The Recipe Door. I think the best feedback from the book so far has been from new mothers, along these lines: “It just helps to know that I’m going through this with someone who understands.” It does, doesn’t it? I’m not just appreciative that Andy is my partner in this whole family dinner enterprise, I’m grateful that we’re making dishes our grandparents made for our parents at their family dinner tables which makes it feel like they’re in it with us, too. This is part of the reason I had an artist paint some old family recipes into the cabinet door. It instantly made the kitchen personal — and made us feel like our extended family was eating and cooking right along with us. I had access to the masterful Gina Triplett (whose work you no doubt know even if you think you don’t) because I was working at a magazine at the time it was commissioned, but if I were to do it again, I’d go through Etsy or ask the director of our local arts program to recommend the school’s top student.
The Mason Jars. I spent more time at Real Simple than I did at college. That means, among other things, that I am at all times walking around with a catalog of time-saving, money-saving, energy-saving tips; that I have an unhealthy expectation of the promise of order a three-ringed binder can deliver; and it means I love mason jars. What doesn’t look organized and calming when decanted into these things? To take it to the next level — it’s my kitchen! why not? — I personalized jars for the girls to give them some investment in the spice mixtures I was sprinkling on their dinners.

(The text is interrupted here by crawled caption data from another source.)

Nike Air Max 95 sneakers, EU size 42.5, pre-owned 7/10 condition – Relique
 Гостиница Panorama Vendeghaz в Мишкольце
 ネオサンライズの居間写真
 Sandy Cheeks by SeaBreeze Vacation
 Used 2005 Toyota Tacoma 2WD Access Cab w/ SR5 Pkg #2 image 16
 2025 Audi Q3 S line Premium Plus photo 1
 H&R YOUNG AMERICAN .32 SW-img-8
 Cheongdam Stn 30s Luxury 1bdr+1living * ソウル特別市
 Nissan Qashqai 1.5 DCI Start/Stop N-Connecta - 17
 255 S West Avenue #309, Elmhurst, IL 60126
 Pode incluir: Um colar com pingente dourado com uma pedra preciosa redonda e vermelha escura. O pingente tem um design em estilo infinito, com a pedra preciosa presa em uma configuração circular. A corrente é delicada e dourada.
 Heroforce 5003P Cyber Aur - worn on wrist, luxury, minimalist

This is a smoked-paprika/cinnamon/ cumin spice combo I used for Phoebe’s favorite shrimp and yogurt dinner. (See page 130 of the book for the recipe.)
Command Central. Last year, I went into great detail about my kitchen desk — aka Command Central — and how just standing in front of it makes me feel as though I’m in control, even when this is decidedly not the case. Then again, I am the one who writes down every dinner I make in a diary (there it is on the desk) because I like to find ways to trick myself into feeling like I have a handle on things. Everything happens at Kitchen Command Central: class lists, calendars, babysitter numbers, emergency numbers, photos of the nieces and nephews, and, of course, takeout menus for those nights I just can’t get my act together to even put together the most basic skillet dinner.
The Cookbook Shelf. See above, re: not feeling so alone. In my book, there’s a whole chapter about the cookbooks I’ve learned from and continue to draw inspiration from. And not just for recipes. I’ve never once made a recipe from Peg Bracken’s I Hate to Cook Book, but it’s done more to inform this blog than probably any other book you see up there, including Bittman and maybe Marcella. Maybe. I’m always collecting new books, so the top shelf is usually in flux — but the bottom row is like playing This is Your Life: The Family Dinner Version. I go back to them again and again for instruction and reference.
The Boston Terrier. Poor Iris. She never gets her 15 minutes of fame on this blog or in the book. It’s not that I don’t love her — Andy has probably said “I think you love Iris more than me” once a day for three years — it’s that once I go down the Iris road, I fear I won’t come back. And then I’m a blogger who writes about her dog. I’m not saying that’s a bad thing — what I’m saying is that I’d most likely be reduced to speaking in babytalk and using words like smoochie poochie. And that is not a good place to be. What I will say, though, is that the energy she brings to the kitchen is infectious and even though she wants to play fetch with everything — socks, new sandals, tennis balls, Lego figurines — all day long, especially during dinner prep remarkably like a toddler might, I can’t imagine my family kitchen without her.